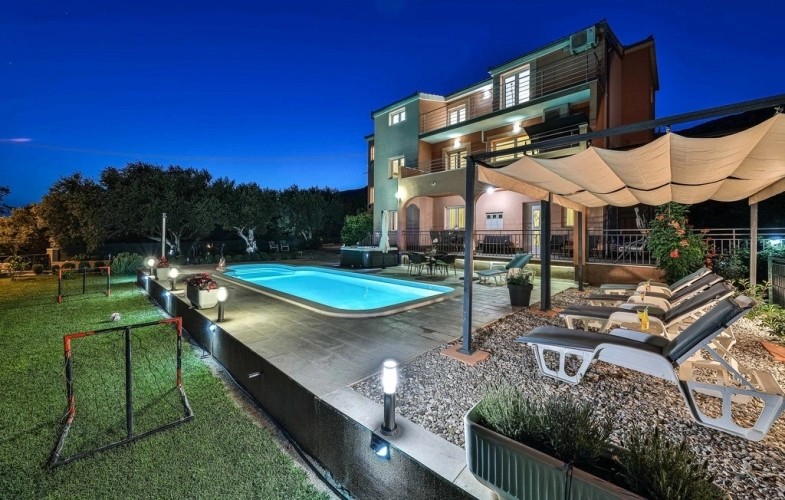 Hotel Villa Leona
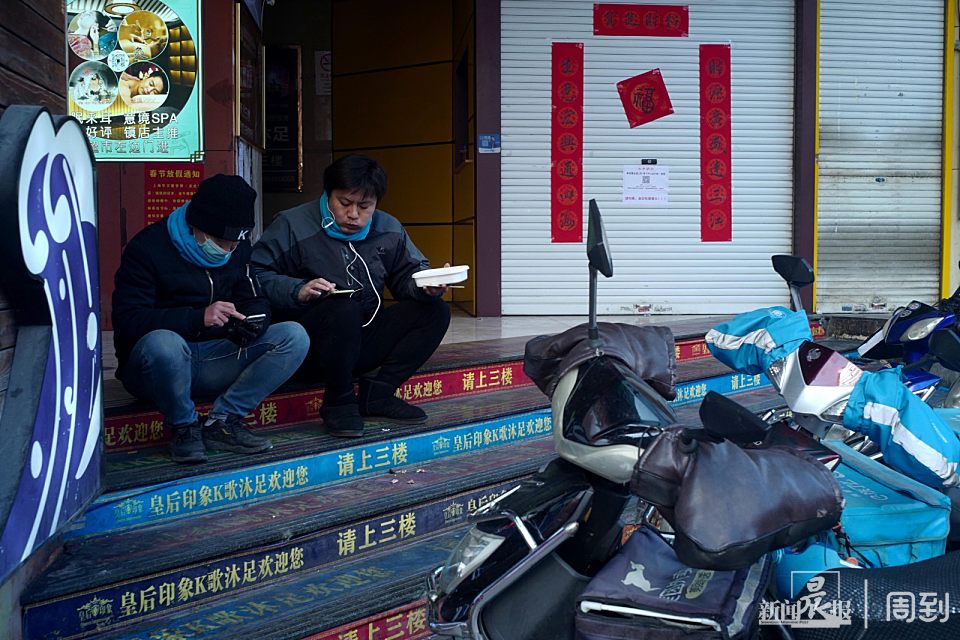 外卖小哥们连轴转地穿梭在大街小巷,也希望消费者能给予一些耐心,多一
_ _ _ _
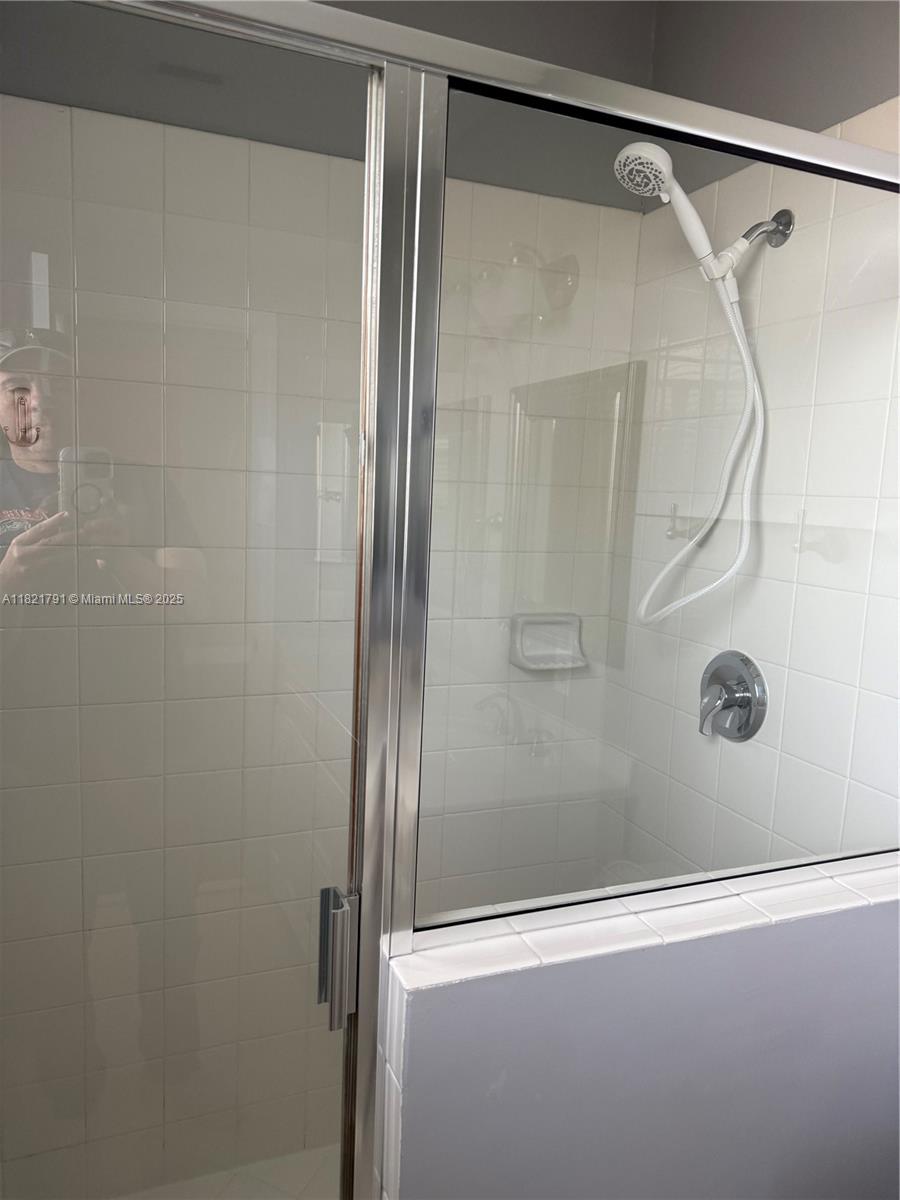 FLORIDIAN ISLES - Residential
_ _ _ _
Problem description —
Having found the line with "Hotel Villa Leona" and the line with "外卖小哥们连轴转地穿梭在大街小巷,也希望消费者能给予一些耐心,多一" in the material above, write out exactly those two and every line between, leaving the pictures out.

Your solution —
 Hotel Villa Leona
 外卖小哥们连轴转地穿梭在大街小巷,也希望消费者能给予一些耐心,多一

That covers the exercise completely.